Tires that are equipped to drive in all types of weather are often labeled with a picture like this one.

It may be 60 degrees and sunny now, but it won't be long before the heartland is covered in snow. Which means, like it or not, it may be time to think about snow, ice and how you'll get around in it.

Some drivers buy a specific set of tires for the winter months, but is it with the investment? And with many cars equipped with all-season tires, do manufacturers still make them?

"The general consensus is yes, they're a good investment," said Brian Starnes of Fesler Auto Mall in Fairfield. "They significantly reduce breaking times and the ability for a car to stay on path in snow and winter conditions. We don't see as many snow tires any more now that most of our manufacturers know from the fact that they come with an all-season tire, which is a nice mix between summer and winter tread. We still do have a decent amount of people that come in and keep an extra set of tires just for winter months, from November to February tends to be our worst driving conditions here in Iowa."

There are no major advantages or disadvantages from brand to brand, but there are different types of snow tires, all the way up to a studded tire that has metal treads for optimum traction. And while it's obvious that a summer tire won't drive as well in the winter, can you drive on a winter tire in the summer months?

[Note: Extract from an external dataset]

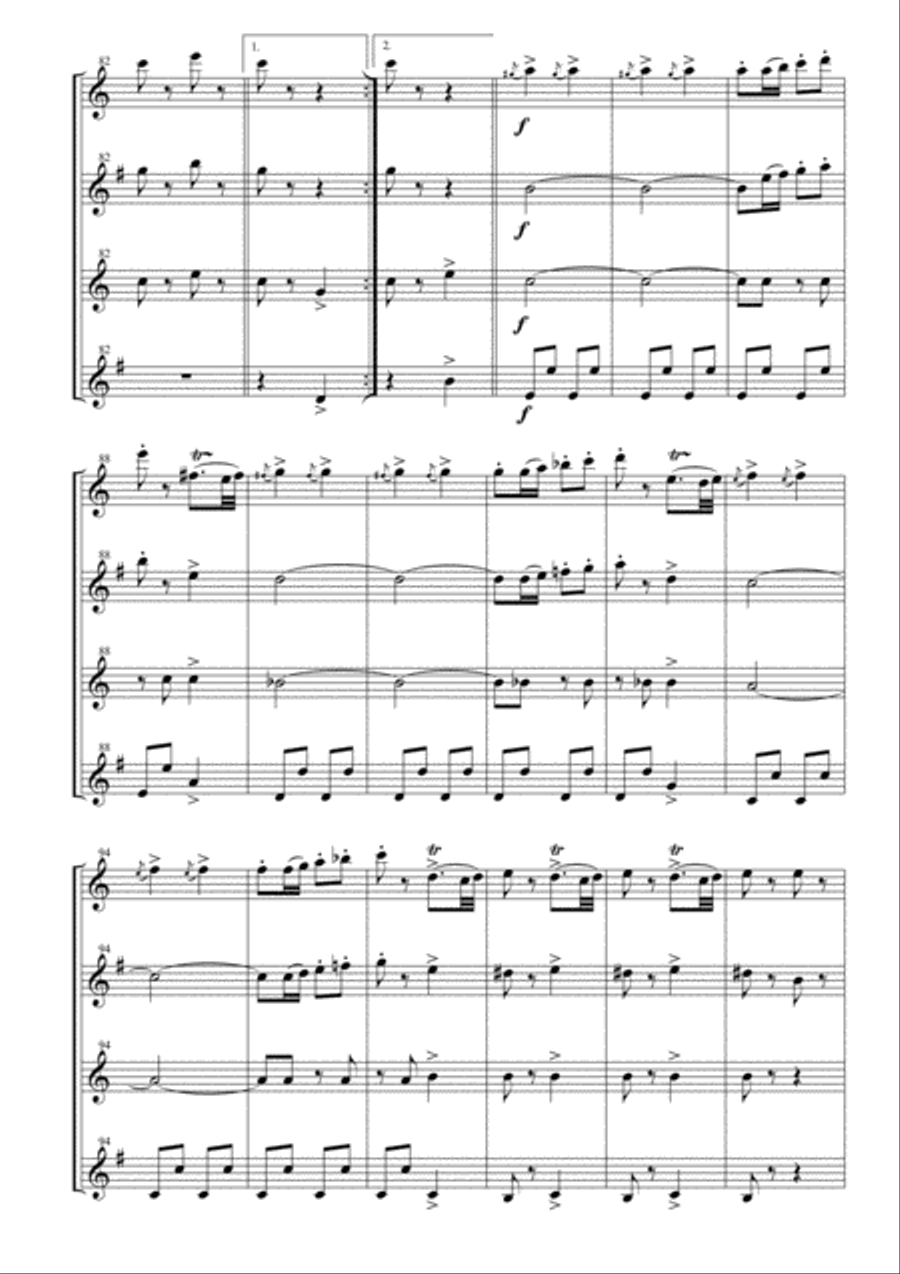 Tritsch-Tratsch Polka for Saxophone Quartet Saxophone Quartet scores gallery preview page 6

"Some people leave a more aggressive tread, a snow tire, on year-round, not necessary, it's not doing you really any good in the summer months," Starnes said. "But our customers that do use snow tires typically put them on about this time of year, this is when we see them get their tires and rims switched around. And then come springtime, when the last of the snow's gone, they take them off and stick them in the corner of the garage and go back to their all-season or their summer tires."

Starnes said Fesler's has seen several tire changes already this season and you can either change them yourself or bring them to a dealership to have it changed for you.

If you're not sure if your tires are winter tires, look for a winter symbol stamped on the tire, like a snowflake, or simply, a branding that says "all season".